• Problem details: Restate word for word the lines of the material below, from the line with "Foxtail Fern Live" to the line with "The Flower Shop", both lines included, and no others.

• Data records:
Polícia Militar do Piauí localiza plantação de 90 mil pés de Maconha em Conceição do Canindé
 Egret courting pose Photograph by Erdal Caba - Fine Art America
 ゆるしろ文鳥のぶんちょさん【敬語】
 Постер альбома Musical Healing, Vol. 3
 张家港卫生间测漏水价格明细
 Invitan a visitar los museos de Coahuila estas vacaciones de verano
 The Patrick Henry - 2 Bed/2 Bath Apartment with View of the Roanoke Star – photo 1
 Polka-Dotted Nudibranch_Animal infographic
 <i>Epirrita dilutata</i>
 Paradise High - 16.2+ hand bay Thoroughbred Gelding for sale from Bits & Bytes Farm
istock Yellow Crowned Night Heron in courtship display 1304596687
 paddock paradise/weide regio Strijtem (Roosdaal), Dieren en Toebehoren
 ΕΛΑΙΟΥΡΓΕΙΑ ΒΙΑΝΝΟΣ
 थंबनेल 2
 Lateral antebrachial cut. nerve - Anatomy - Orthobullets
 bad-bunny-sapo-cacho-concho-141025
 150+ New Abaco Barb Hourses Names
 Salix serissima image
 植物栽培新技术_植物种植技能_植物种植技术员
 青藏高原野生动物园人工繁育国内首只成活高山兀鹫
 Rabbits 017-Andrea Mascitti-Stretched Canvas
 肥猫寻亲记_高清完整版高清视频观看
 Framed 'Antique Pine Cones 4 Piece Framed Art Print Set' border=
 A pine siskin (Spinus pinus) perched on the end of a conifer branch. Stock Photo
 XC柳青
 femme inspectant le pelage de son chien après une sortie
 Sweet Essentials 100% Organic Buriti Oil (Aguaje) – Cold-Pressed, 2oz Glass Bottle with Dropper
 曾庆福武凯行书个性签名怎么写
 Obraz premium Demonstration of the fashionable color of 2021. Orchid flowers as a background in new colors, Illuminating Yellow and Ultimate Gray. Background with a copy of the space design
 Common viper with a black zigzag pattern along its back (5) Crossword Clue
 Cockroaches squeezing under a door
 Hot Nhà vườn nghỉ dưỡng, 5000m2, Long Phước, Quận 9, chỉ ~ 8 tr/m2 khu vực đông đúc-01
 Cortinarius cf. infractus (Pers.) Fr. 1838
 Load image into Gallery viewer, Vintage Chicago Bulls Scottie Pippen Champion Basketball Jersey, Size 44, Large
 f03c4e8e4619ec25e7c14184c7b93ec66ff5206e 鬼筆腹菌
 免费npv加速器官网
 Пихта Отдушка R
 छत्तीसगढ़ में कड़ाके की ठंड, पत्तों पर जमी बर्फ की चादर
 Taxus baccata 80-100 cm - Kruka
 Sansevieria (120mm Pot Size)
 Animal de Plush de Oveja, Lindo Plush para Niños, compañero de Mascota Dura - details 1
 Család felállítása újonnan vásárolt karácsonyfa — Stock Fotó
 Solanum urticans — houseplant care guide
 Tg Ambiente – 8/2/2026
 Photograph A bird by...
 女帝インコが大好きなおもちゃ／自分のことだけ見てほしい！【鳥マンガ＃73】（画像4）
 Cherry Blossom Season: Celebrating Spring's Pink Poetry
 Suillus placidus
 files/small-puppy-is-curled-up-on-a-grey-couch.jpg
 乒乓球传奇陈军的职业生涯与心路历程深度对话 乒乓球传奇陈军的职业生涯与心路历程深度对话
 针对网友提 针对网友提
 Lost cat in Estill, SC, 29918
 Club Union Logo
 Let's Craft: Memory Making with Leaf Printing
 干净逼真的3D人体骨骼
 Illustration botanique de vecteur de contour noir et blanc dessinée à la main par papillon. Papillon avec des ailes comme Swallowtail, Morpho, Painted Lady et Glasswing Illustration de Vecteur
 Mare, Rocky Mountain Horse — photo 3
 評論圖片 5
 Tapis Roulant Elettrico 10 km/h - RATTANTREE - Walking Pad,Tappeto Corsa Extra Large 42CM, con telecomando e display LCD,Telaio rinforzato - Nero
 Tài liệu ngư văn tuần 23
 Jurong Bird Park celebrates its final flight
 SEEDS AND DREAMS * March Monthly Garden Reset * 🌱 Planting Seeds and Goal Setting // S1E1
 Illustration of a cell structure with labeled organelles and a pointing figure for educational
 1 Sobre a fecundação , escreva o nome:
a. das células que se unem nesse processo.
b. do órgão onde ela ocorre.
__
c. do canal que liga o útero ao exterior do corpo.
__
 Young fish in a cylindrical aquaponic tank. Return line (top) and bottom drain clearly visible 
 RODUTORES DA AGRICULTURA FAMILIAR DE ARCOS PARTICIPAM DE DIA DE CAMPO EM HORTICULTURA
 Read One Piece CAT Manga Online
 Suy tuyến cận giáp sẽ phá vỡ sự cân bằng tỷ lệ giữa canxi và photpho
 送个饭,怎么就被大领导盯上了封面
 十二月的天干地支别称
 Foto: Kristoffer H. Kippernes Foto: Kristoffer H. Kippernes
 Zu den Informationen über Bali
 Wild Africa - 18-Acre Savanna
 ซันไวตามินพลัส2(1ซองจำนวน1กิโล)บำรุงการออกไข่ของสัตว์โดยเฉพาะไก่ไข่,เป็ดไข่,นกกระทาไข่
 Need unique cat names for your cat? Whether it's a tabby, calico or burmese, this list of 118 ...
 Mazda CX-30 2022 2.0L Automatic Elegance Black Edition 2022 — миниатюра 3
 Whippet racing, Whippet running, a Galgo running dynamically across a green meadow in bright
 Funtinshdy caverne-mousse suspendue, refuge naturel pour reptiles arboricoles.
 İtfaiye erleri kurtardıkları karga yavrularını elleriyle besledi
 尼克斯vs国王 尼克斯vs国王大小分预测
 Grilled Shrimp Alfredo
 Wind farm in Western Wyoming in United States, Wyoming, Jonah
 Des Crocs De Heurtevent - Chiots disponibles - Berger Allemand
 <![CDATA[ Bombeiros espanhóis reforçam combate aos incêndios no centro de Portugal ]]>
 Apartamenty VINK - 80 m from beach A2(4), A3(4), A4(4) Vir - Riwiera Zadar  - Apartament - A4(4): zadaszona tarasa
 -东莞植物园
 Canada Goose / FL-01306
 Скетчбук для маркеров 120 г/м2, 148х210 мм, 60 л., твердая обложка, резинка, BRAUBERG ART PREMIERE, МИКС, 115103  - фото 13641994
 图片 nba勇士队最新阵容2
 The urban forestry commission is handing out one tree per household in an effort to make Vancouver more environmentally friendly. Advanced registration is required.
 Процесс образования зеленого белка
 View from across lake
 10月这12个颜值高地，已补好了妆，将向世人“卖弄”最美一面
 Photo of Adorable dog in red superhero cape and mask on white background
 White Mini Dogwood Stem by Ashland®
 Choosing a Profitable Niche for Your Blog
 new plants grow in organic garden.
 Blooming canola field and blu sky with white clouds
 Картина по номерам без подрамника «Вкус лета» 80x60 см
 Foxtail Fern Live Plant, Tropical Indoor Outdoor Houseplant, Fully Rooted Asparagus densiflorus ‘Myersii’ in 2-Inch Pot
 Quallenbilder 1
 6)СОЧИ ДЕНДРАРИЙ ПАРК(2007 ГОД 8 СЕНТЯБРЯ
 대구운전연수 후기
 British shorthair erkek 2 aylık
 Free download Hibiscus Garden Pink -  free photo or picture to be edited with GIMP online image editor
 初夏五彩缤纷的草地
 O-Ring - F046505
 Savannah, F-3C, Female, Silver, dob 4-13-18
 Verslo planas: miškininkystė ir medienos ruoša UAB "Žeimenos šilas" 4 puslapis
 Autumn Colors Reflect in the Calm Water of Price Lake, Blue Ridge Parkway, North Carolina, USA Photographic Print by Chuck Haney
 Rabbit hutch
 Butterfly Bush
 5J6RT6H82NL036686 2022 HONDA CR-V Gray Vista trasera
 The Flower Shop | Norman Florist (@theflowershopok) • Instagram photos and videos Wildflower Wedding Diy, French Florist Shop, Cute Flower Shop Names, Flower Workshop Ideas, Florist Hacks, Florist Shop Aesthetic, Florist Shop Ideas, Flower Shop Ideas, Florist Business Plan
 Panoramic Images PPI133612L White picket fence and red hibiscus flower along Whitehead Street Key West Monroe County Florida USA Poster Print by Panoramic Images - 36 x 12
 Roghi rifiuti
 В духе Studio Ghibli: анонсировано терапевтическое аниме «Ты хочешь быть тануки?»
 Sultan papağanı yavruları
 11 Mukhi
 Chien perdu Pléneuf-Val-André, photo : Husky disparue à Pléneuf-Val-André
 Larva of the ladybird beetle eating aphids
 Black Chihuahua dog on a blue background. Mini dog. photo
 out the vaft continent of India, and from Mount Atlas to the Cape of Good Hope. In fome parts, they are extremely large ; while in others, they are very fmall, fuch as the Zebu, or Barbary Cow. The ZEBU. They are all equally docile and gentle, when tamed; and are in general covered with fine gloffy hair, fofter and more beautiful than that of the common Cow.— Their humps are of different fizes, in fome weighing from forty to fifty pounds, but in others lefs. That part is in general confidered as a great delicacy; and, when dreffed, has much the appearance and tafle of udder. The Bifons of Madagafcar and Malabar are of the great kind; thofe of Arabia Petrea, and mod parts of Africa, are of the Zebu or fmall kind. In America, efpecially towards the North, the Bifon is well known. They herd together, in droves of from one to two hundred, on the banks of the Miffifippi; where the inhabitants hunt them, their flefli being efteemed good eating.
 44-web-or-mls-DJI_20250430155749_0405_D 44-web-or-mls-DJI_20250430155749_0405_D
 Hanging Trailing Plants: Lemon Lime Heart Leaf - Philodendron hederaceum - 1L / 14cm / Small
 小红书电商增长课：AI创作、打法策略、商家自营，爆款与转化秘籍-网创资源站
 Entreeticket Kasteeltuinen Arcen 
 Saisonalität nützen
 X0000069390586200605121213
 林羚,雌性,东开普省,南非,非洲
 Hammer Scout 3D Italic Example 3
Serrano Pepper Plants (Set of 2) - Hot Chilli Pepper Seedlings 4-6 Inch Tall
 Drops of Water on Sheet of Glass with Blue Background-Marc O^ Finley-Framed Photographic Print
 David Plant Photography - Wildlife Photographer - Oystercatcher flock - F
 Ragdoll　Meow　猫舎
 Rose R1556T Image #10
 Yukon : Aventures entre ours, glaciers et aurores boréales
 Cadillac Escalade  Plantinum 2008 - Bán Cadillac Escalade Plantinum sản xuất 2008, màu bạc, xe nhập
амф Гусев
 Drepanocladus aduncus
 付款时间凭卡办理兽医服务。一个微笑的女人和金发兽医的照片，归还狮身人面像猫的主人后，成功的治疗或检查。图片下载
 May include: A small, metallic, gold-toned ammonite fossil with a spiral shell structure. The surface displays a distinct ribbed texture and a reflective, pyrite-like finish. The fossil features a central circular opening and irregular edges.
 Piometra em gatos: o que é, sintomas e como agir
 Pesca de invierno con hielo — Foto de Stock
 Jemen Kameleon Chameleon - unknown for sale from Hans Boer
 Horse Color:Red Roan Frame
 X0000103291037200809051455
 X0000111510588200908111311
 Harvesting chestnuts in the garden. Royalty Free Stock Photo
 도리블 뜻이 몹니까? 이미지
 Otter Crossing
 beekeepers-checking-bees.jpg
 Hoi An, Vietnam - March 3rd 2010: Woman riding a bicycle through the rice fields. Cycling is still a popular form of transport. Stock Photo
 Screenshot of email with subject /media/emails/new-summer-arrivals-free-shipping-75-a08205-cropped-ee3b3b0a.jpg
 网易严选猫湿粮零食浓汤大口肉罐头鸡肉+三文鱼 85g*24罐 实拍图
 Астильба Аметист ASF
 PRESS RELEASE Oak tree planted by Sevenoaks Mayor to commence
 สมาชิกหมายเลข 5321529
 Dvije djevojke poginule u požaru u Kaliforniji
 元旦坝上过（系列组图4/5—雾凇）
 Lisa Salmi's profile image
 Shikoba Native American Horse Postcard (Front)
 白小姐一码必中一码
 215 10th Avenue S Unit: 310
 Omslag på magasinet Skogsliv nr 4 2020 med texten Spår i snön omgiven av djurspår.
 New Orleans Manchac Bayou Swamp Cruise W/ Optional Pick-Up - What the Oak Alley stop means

• Response below:
 Foxtail Fern Live Plant, Tropical Indoor Outdoor Houseplant, Fully Rooted Asparagus densiflorus ‘Myersii’ in 2-Inch Pot
 Quallenbilder 1
 6)СОЧИ ДЕНДРАРИЙ ПАРК(2007 ГОД 8 СЕНТЯБРЯ
 대구운전연수 후기
 British shorthair erkek 2 aylık
 Free download Hibiscus Garden Pink -  free photo or picture to be edited with GIMP online image editor
 初夏五彩缤纷的草地
 O-Ring - F046505
 Savannah, F-3C, Female, Silver, dob 4-13-18
 Verslo planas: miškininkystė ir medienos ruoša UAB "Žeimenos šilas" 4 puslapis
 Autumn Colors Reflect in the Calm Water of Price Lake, Blue Ridge Parkway, North Carolina, USA Photographic Print by Chuck Haney
 Rabbit hutch
 Butterfly Bush
 5J6RT6H82NL036686 2022 HONDA CR-V Gray Vista trasera
 The Flower Shop | Norman Florist (@theflowershopok) • Instagram photos and videos Wildflower Wedding Diy, French Florist Shop, Cute Flower Shop Names, Flower Workshop Ideas, Florist Hacks, Florist Shop Aesthetic, Florist Shop Ideas, Flower Shop Ideas, Florist Business Plan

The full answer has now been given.